### AVAILABLE DATA

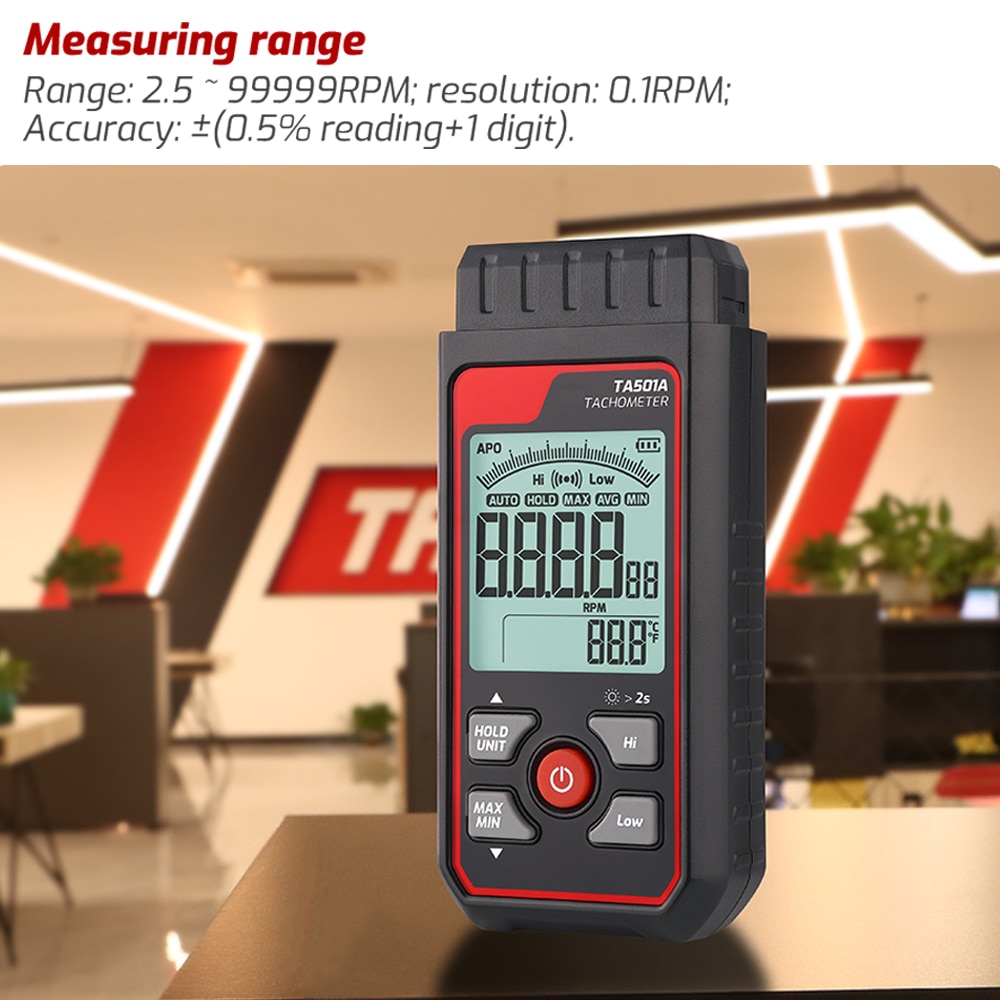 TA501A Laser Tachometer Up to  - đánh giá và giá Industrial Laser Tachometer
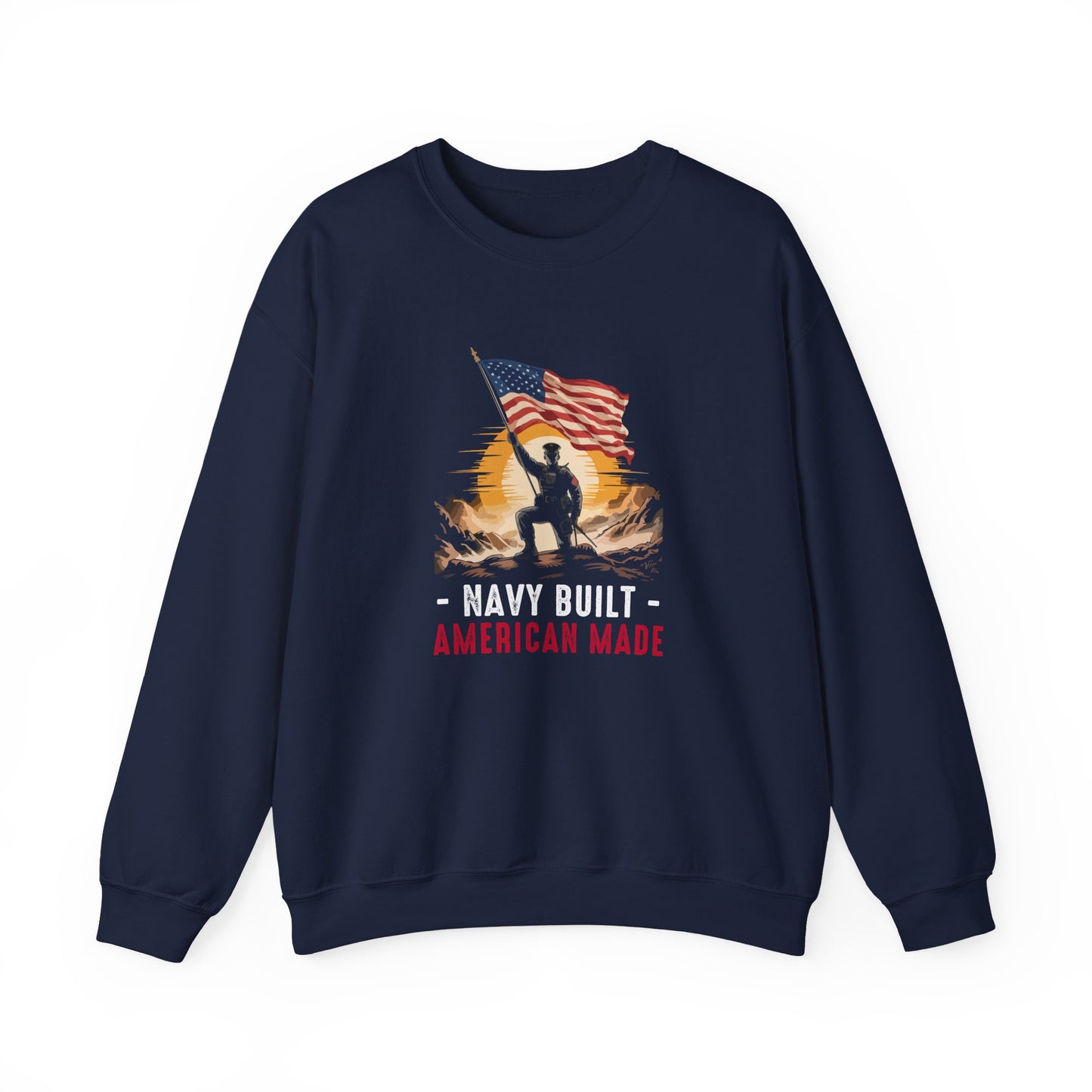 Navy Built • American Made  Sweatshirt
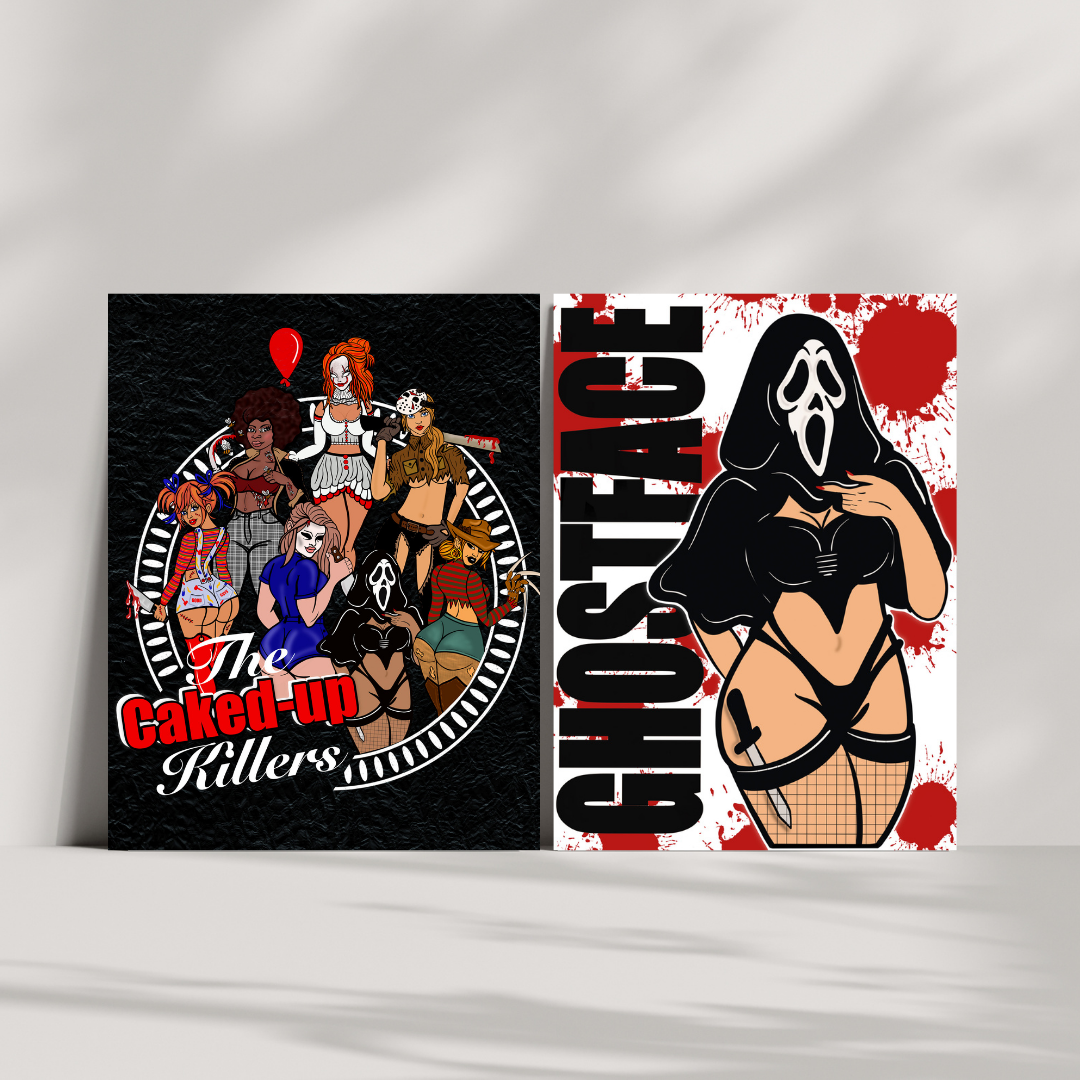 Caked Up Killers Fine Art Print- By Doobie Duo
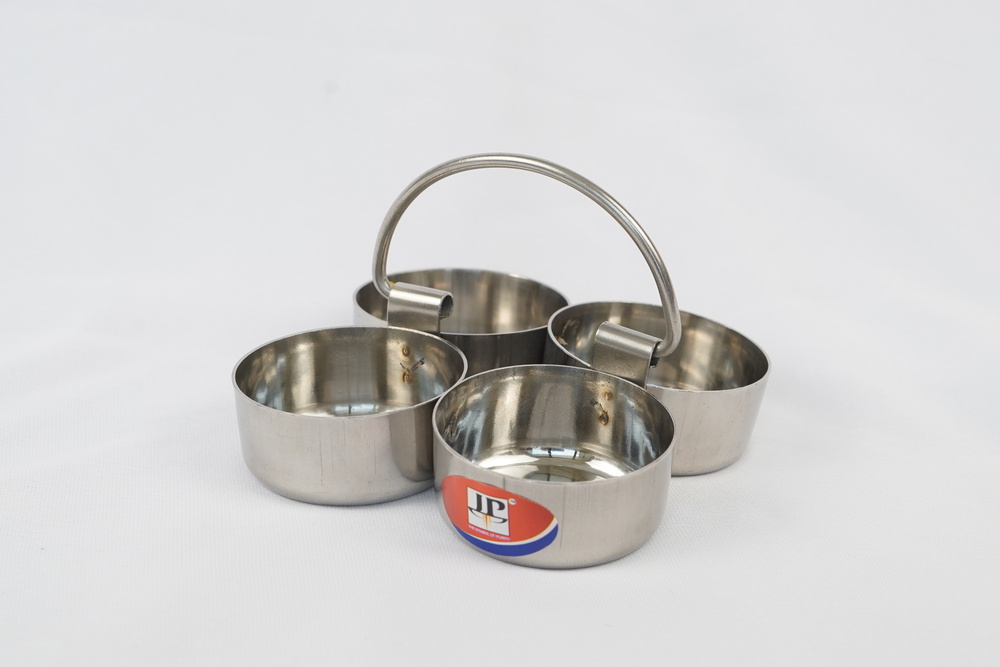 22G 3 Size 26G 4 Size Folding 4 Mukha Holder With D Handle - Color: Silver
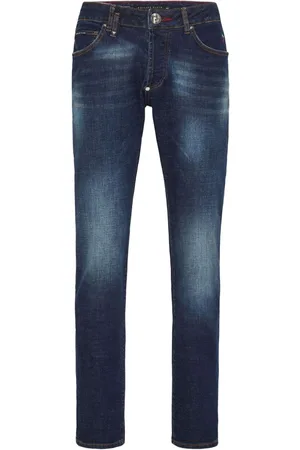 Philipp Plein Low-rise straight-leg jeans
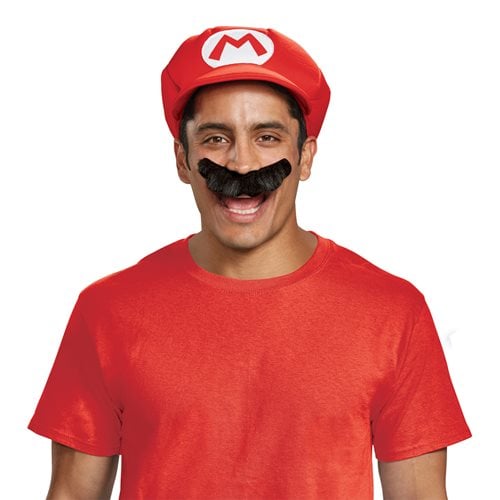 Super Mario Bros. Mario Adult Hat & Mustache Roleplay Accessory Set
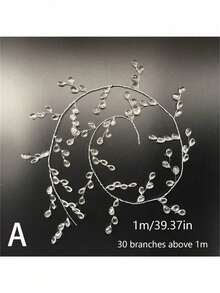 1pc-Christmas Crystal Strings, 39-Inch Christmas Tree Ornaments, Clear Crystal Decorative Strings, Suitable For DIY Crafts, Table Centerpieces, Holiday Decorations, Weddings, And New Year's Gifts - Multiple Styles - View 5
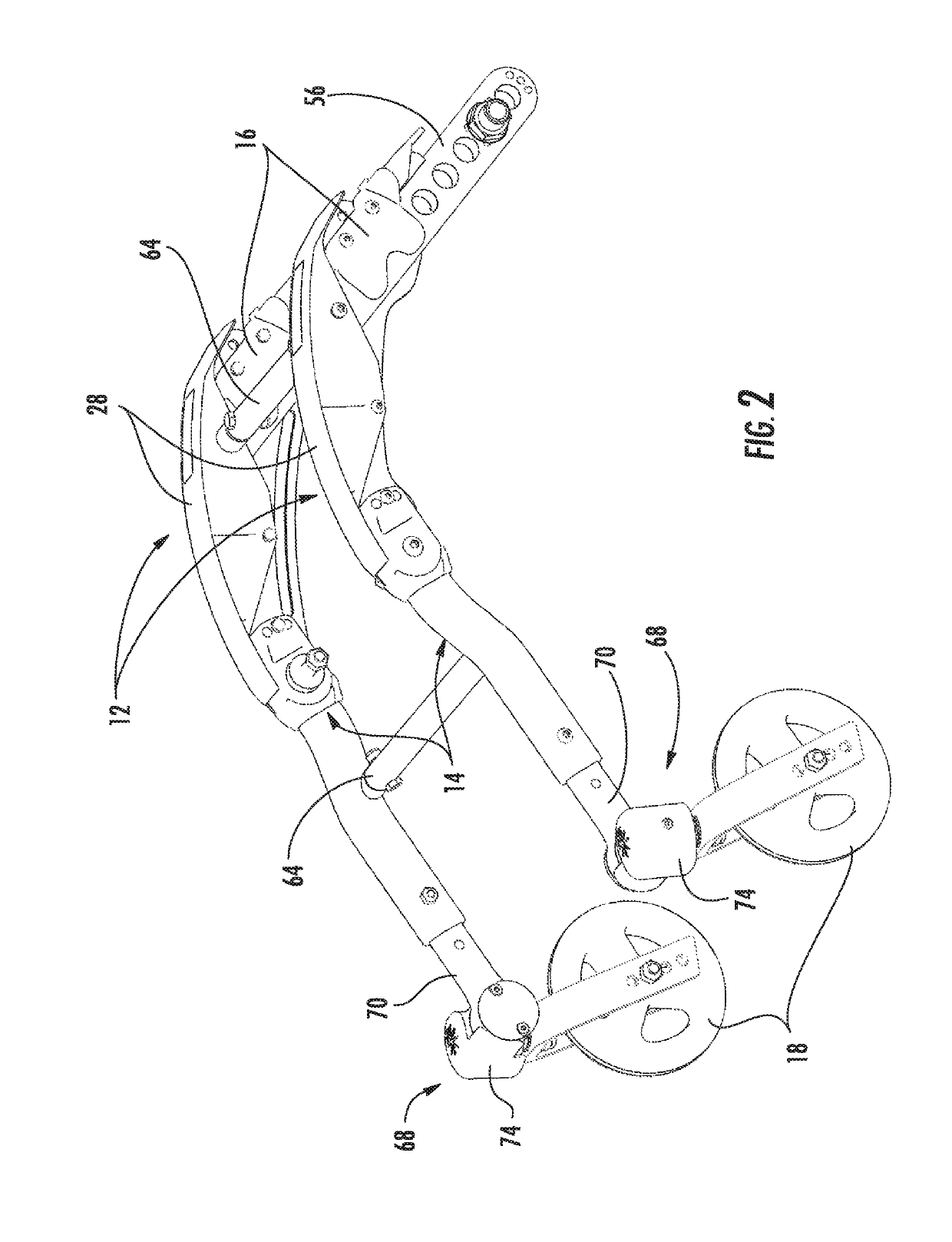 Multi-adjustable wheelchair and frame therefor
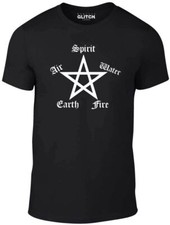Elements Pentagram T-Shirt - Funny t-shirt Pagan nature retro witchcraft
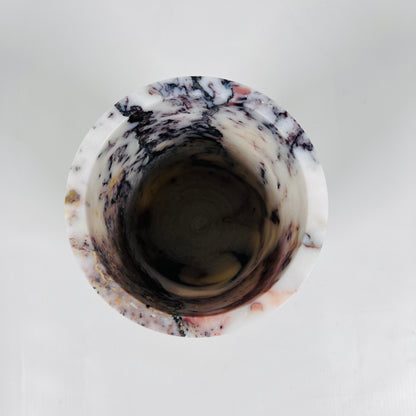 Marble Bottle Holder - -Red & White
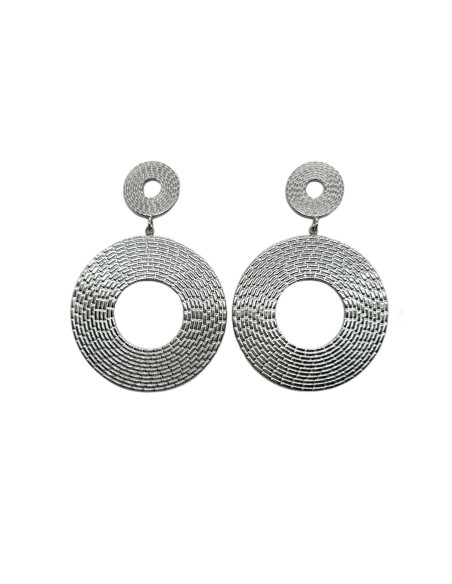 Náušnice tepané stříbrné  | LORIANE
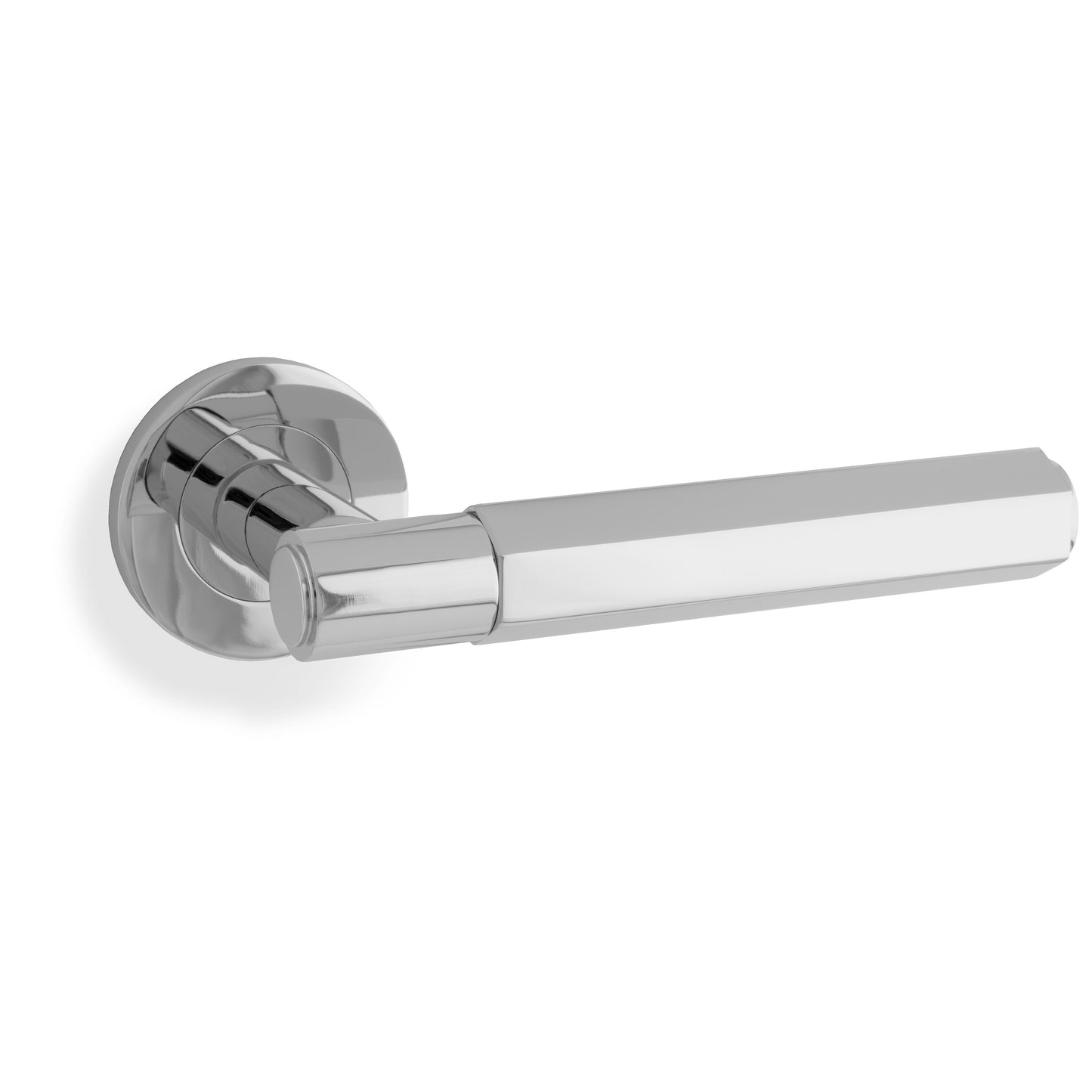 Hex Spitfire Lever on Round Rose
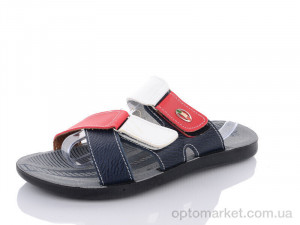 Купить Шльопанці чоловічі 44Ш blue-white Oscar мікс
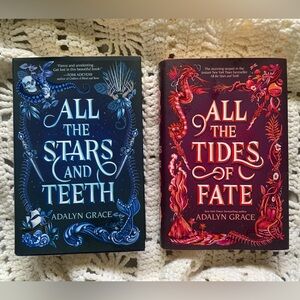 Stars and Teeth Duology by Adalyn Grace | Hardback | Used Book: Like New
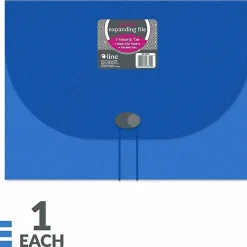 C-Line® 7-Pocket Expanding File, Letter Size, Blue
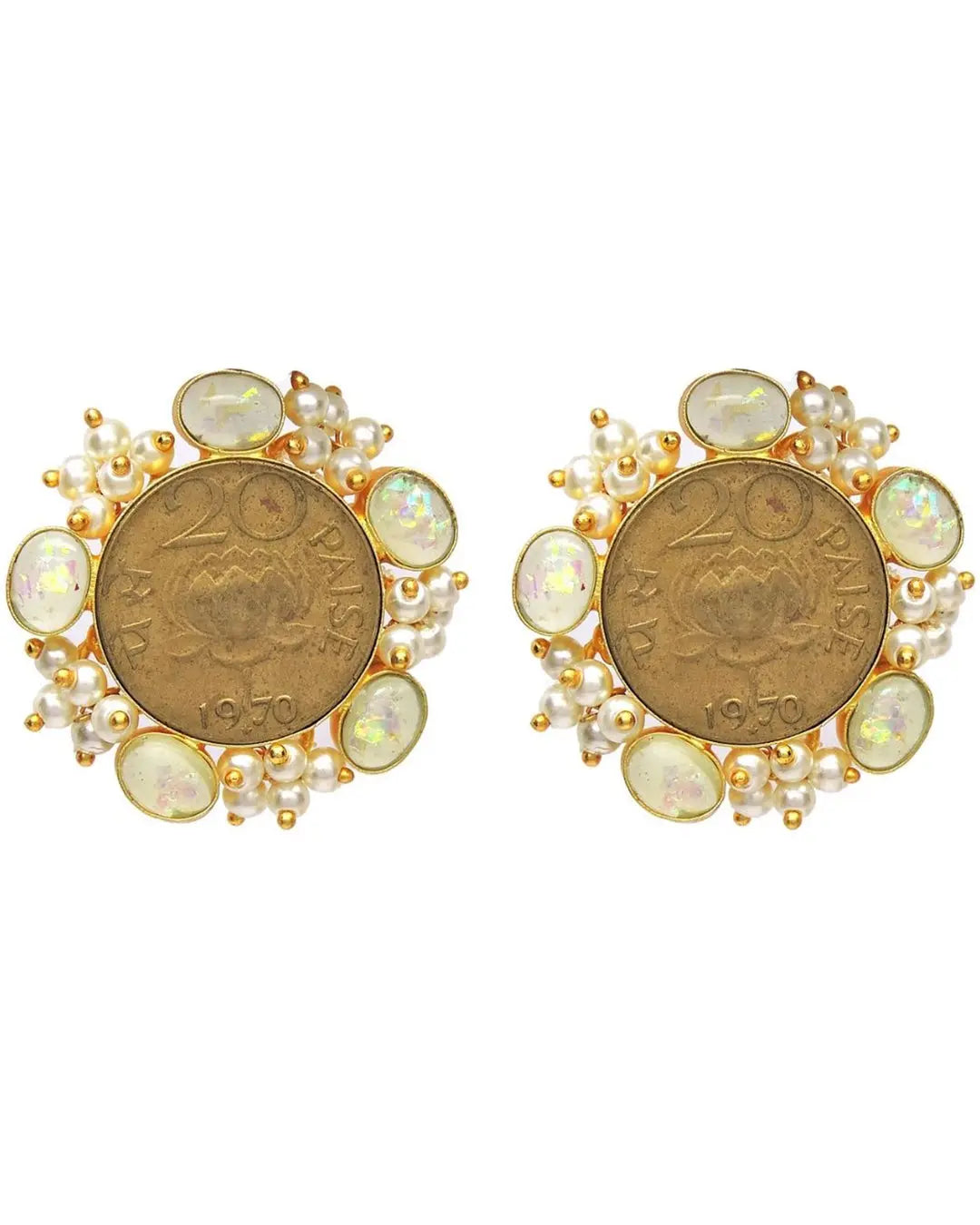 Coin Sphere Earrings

######

• _TASK OBJECTIVE_
Reproduce the records above exactly, excluding every picture.

• _THE COMPLETED TASK_
 TA501A Laser Tachometer Up to  - đánh giá và giá Industrial Laser Tachometer
 Navy Built • American Made  Sweatshirt
 Caked Up Killers Fine Art Print- By Doobie Duo
 22G 3 Size 26G 4 Size Folding 4 Mukha Holder With D Handle - Color: Silver
 Philipp Plein Low-rise straight-leg jeans
 Super Mario Bros. Mario Adult Hat & Mustache Roleplay Accessory Set
 1pc-Christmas Crystal Strings, 39-Inch Christmas Tree Ornaments, Clear Crystal Decorative Strings, Suitable For DIY Crafts, Table Centerpieces, Holiday Decorations, Weddings, And New Year's Gifts - Multiple Styles - View 5
 Multi-adjustable wheelchair and frame therefor
Elements Pentagram T-Shirt - Funny t-shirt Pagan nature retro witchcraft
 Marble Bottle Holder - -Red & White
 Náušnice tepané stříbrné  | LORIANE
 Hex Spitfire Lever on Round Rose
 Купить Шльопанці чоловічі 44Ш blue-white Oscar мікс
 Stars and Teeth Duology by Adalyn Grace | Hardback | Used Book: Like New
 C-Line® 7-Pocket Expanding File, Letter Size, Blue
 Coin Sphere Earrings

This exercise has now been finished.